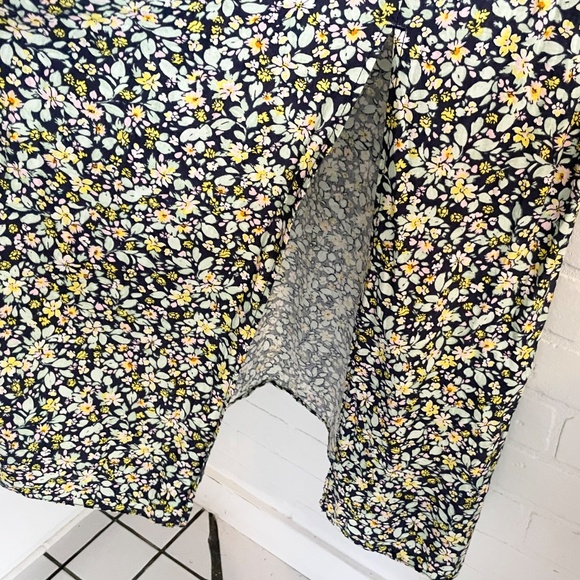 Zara Midi Maxi Dress Coquette Floral print Smoked Linen Viscose Babydoll Sz L - Picture 12 of 16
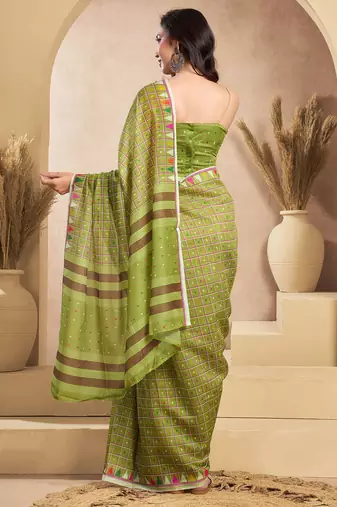 Light green linen mini checks printed ready to wear saree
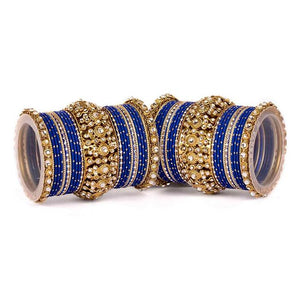 Set of 2 Beautiful Golden Dotted Colored Bangle Set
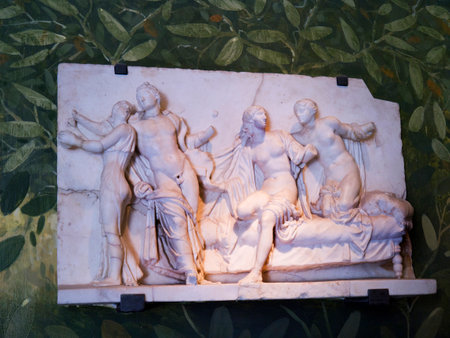 Carved marble Panel from the once Buried City of Pompeii in Italyのeditorial素材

------

Output the listing above exactly, excluding all pictures.

▶ [TASK RESULT]
 Zara Midi Maxi Dress Coquette Floral print Smoked Linen Viscose Babydoll Sz L - Picture 12 of 16
 Light green linen mini checks printed ready to wear saree
 Set of 2 Beautiful Golden Dotted Colored Bangle Set
 Carved marble Panel from the once Buried City of Pompeii in Italyのeditorial素材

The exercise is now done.